Hotel Majapahit ini terletak di Jalan Tunjungan No. 65 Kelurahan Genteng, Kecamatan Genteng, Kota Surabaya, Provinsi Jawa Timur. Lokasi hotel ini berada di sebelah selatan Varna Culture Hotel Soerabaia, atau di depan gedung Badan Pertanahan Nasional. Dari hotel ini hanya perlu 5 menit menuju pusat perbelanjaan Tunjungan Plaza, 15 menit dari Grand City Mall dan Convention Hall, 45 menit dari Bandara Internasional Juanda, dan 20 menit dari Stasiun Kereta Api Gubeng.
Berdasarkan brosur Hotel Majapahit yang brief history, dijelaskan dengan gamblang bahwa hotel ini adalah milik Lucas Martin Sarkies. Peletakan batu pertama dalam pembangunan hotel ini dilakukan oleh Eugene, anak laki-laki Lucas Martin Sarkies, pada 1 Juni 1910. Perlu diketahui bahwa Sarkies Bersaudara adalah pebisnis asal Iran yang membangun bisnis perhotelan di Asia Tenggara pada akhir abad ke-19. Mereka adalah Martin Sarkies, Tigran Sarkies, Aviet Sarkies, dan Arshak Sarkies.
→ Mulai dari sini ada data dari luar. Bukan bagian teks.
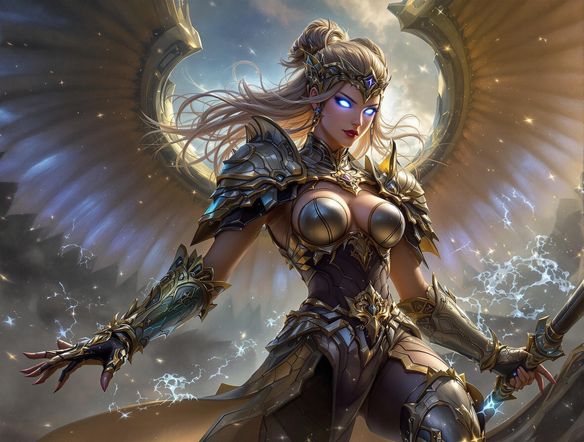 A digital painting of a powerful female warrior with glowing eyes, intricate armor, dynamic pose, fantasy setting, use rank generator, ranking system generator, high resolution, dramatic lighting, art by Greg Rutkowski and Alphonse Mucha.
Keempatnya membangun Eastern & Oreinetal Hotel di Penang, Malaysia pada 1880, Raffles Hotel di Singapura pada 1887, dan Strand Hotel di Burma pada 1901.


Lucas Martin Sarkies, anak laki-laki dari Martin Sarkies, melanjutkan tradisi keluarga dengan membuka Hotel Oranje di Surabaya pada 1911. Lucas lahir di New Jaya, Teheran, Iran pada 1876. Saat usianya 11 tahun, Lucas pindah ke Hindia Belanda, dan menetap di Surabaya. Ia menikah dengan sosialita Belgia, Charlotte Heyligers, pada 1896.
Pada 1900 Lucas Martin Sarkies membeli tanah seluas 1.000 m² di Jalan Tunjungan untuk mengikuti jejak ayahnya membangun hotel mewah. Dia menyewa desainer terkenal Alfred Bidwell untuk membangun hotel bergaya Art Nouveau Kolonial Belanda. Pembangunan hotel tersebut menghabiskan 500.000 gulden, dan peresmiannya dibuat dengan acara yang meriah pada 1911. Nama Oranje yang disematkan untuk nama hotel milik Lucas Martin Sarkies ini, mengambil dari nama pahlawan Belanda yang bernama Willem van Oranje, yang bertujuan untuk mengabadikan namanya.
Antara tahun 1923 sampai tahun 1926 dilakukan renovasi pada hotel tersebut dengan melebarkan dua bangunan sayap yang terdapat di sebelah kanan dan kiri bangunan utama. Pada tahun 1931 di depan pintu masuk lama sebagian ruang masuk yang baru dibangun dalam gaya Art Deco oleh arsitek Prof. Ir. Charles Prosper Wolff Schoemaker. Gaya Art Deco merupakan langgam yang menggunakan ornamen-ornamen historikal dan tradisional, sehingga Art Deco bisa dikatakan sebagai langgam yang memiliki muatan lokal. Setiap negara yang menerima langgam Art Deco selalu mengembangkannya sendiri-sendiri. Art Deco di suatu tempat akan berbeda dengan Art Deco di tempat lain, namun secara keseluruhan mereka memiliki semangat yang sama yaitu keterbukaan pada sesuatu yang baru, sehingga karya Art Deco hampir selalu inovatif dan eksperimentatif.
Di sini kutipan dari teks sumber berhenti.